Cadbury has recently reduced the size of its Mini Eggs bags while keeping the price unchanged, causing dissatisfaction among customers. The bags, previously weighing 80g, now contain 74g of the popular Easter treat, still sold for around £2.
This practice, known as shrinkflation, involves decreasing product size while maintaining the price point. Prices for Cadbury Mini Eggs vary across different retailers, with the Cadbury website listing them at £2.36, Morrisons at £2, and Asda at £1.74. Some consumers have expressed frustration on social media platforms like Twitter, with one user stating, “@CadburyUK are taking the mick now!!! Was 80g last year!!!”
Mondelez International, the parent company of Cadbury, explained to The Sun that the reduction in size was a response to rising production costs. The company cited increased expenses for ingredients such as cocoa and dairy, as well as high energy and transport costs as contributing factors. Despite absorbing some of these costs, Mondelez made the decision to slightly decrease the weight of the Mini Eggs bags to maintain competitiveness while preserving taste and quality.
The Mirror reached out to Mondelez for further comment on this matter, following a similar trend seen with the reduction in size of Quality Street chocolates from 600g to 550g during Christmas. Food policy expert Gavin Wren also highlighted Nestle’s products experiencing weight reductions, questioning the extent to which this downsizing trend would continue.
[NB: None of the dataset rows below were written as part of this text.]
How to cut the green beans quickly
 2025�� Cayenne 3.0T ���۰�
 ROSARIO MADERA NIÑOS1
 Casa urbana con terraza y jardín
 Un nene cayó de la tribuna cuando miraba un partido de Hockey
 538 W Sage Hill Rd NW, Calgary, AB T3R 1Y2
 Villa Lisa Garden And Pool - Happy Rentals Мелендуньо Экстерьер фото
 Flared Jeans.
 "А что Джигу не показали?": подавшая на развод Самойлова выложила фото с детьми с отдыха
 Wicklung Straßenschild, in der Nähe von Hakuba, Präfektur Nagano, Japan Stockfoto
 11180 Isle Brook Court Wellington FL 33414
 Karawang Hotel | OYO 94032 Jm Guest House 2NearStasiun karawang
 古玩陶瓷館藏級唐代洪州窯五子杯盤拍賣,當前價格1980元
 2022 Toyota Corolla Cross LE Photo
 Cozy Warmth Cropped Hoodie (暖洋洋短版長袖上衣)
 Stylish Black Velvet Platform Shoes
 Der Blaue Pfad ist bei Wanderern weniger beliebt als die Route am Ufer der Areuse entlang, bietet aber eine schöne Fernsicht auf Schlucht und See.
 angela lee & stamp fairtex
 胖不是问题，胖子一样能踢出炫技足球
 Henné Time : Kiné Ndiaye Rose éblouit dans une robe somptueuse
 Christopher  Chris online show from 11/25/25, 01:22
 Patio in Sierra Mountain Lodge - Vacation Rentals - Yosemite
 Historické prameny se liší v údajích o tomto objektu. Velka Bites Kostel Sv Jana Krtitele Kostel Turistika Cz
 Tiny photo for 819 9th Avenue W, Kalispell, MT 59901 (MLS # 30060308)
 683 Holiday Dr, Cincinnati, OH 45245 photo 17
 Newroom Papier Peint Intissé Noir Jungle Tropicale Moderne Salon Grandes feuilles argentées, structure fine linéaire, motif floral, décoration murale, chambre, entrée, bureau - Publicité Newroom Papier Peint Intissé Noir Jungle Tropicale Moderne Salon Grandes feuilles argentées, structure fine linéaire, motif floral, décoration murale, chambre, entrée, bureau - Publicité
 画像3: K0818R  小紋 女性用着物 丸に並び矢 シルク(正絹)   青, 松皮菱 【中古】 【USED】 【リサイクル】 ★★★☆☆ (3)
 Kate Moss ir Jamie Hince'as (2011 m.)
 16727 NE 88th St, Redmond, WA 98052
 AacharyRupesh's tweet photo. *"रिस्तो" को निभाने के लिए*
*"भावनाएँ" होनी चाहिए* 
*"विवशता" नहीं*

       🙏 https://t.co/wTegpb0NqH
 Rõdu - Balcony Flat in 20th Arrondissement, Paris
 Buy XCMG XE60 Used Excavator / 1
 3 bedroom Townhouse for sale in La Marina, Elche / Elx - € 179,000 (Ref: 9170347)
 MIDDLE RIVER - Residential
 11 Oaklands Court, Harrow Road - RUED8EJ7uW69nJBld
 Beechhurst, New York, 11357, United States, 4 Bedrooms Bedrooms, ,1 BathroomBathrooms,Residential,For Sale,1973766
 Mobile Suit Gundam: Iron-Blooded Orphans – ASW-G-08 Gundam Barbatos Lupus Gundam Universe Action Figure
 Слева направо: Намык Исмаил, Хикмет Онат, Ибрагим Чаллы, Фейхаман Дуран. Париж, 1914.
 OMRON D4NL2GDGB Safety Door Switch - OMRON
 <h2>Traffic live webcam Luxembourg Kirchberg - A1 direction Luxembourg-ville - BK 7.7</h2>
Responding to concerns, a Nestle spokesperson emphasized that the annual adjustments in product ranges, sizes, and prices were influenced by various factors, including manufacturing costs, ingredients, transport expenses, and consumer preferences. They described the 2025 range as competitive, offering a diverse selection for Quality Street enthusiasts, with final prices determined by individual retailers.